The Commodore. C. S. Forester

He awoke to Clausewitz’s arm on his shoulder, and pieced himself back into the Hornblower who was aiding in the defence of Riga like a man fitting together a jigsaw puzzle.

“An hour before dawn,” said Clausewitz, still only a vague shadow in the brooding darkness.

Hornblower sat up: he was stiff, and had grown cold under the inadequate cover of his cloak. The landing force, if all had gone well, must be creeping up the bay now. It was too dark to see anything as he peered over the parapet of the gallery. Another shadow loomed up at his elbow and thrust something scalding hot into his hand — a glass of tea. He sipped it gratefully, feeling its warmth penetrate into his inner recesses. The faint report of a single musket-shot reached his ears, and Clausewitz began a remark to him which was cut short by a violent outburst of firing down in no-man’s-land between the trench systems. The darkness was spangled with points of flame.

“Possibly patrols with a fit of nerves,” said Clausewitz, but the firing showed no signs of dying down. Instead, it grew in violence. There was a great spearhead of flame down below, pointing towards an irregular mass of flashes, where apparently a column was meeting a line. The flashes flared up and died away with the ragged volleys; soon cannons were contributing their orange flames, and immediately afterwards there was more fire as blazing-combustibles — carcases — were flung by attackers and defenders from the parapets to illuminate their enemies.
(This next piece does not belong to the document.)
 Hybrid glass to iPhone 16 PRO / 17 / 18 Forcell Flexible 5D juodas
From the bay arose a curving streak of yellow fire, soaring upwards towards the sky, and then bursting into scarlet stars.
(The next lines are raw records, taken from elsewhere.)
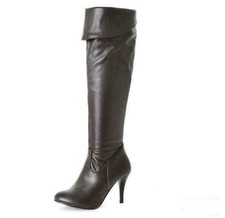 Women's Stilettos Heel Knee High Knight Boots Faux suede Zipper Shoes Oversize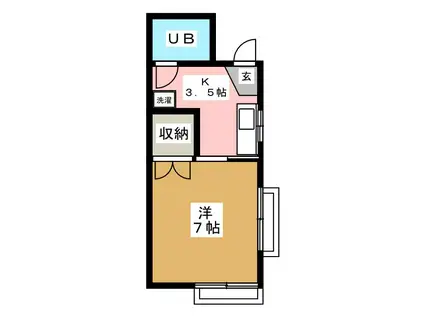 平野ハイツI(1K/2階)の間取り写真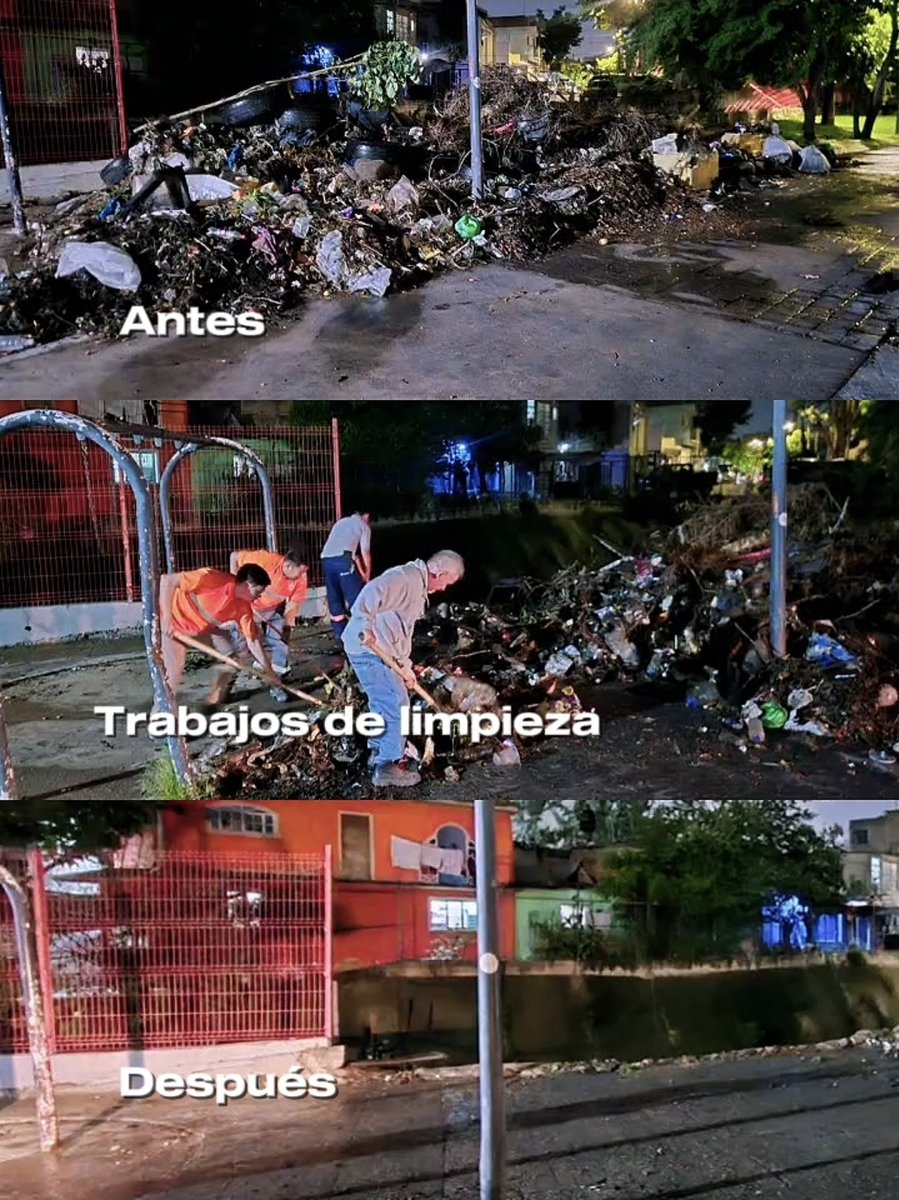 GuadalajaraGob's tweet photo. De día y de noche trabajamos para limpiar Guadalajara. En el canal Luis Covarrubias, en la colonia Miravalle, mantenemos un operativo permanente de limpieza y desazolve para disminuir los riesgos de inundación durante esta temporada de lluvias. 🧹🦺

Pero necesitamos de todas y todos. No tires basura, muebles ni escombro en las calles, canales o vasos reguladores. ¡Menos basura, menos inundaciones!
“Thank God for that!” said Hornblower, but he kept the words to himself.

The landing party had reached their station a little ahead of their time, and somebody, English or Russian, had sensibly decided to launch the flank attack immediately upon seeing the firing ashore. Clausewitz turned and rapped out an order which sent an aide-de-camp hurrying down the stairs. At almost the same moment a messenger came running up, gabbling Russian so rapidly that Clausewitz, with his limited command of the language, had to make him repeat the words more slowly. When the message was delivered he turned to Hornblower.

“The enemy is in strong force, apparently intending to make a surprise attack. He might save two days if it were successful.”

A fresh tumult broke out down below; the landing party had encountered their first opposition, and the invisible landscape towards the shore was spangled with a new pattern of flashes. There was a desperate battle going on, where attackers and counter-attackers and the flank attack drove together; there was a faint light beginning to show now, enough to reveal Clausewitz, unshaven, and with his uniform covered with bits of straw in direct contrast with his usual spruce appearance. But still nothing could be seen of the fighting, save for vague smoke-clouds drifting in the semi-darkness. Hornblower was reminded of Campbell’s lines in Hohenlinden about the level sun at morn being unable to pierce the dun war-clouds. The clatter of musketry and the crash of artillery told of the bitter struggle, and once Hornblower heard a deep shout from many throats answered by a wild yell. That was when some attack met a counter-attack, presumably. Steadily the landscape grew brighter, and the messengers began to pour in.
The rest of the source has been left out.